EXERCISE DETAILS: In the records that follow, locate every line with "background" and extract it.

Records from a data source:
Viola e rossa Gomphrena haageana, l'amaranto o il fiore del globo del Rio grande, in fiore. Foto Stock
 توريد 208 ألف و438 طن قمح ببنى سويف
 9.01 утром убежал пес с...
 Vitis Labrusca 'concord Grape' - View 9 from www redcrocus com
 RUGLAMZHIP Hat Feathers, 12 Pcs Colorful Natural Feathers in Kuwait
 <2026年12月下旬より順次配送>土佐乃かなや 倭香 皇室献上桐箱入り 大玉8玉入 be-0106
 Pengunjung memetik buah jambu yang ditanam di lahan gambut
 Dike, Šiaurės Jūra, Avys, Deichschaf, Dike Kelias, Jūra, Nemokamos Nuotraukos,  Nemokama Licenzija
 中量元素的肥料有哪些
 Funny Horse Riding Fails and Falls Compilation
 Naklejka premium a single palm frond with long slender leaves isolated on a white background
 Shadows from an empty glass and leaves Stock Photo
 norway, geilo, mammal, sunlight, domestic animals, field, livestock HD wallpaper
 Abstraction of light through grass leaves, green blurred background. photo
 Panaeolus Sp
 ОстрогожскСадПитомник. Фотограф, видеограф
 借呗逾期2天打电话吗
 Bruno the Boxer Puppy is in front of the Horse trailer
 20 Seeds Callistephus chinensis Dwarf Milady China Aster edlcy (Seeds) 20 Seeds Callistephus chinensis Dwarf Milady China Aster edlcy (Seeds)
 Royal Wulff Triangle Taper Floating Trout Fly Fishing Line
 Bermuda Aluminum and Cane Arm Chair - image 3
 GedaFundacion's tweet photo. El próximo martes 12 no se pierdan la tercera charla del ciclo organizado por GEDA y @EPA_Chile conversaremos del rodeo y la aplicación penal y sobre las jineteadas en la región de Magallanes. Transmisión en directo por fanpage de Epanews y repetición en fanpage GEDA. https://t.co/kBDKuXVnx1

REPLY TO THE EXERCISE:
 Naklejka premium a single palm frond with long slender leaves isolated on a white background
 Abstraction of light through grass leaves, green blurred background. photo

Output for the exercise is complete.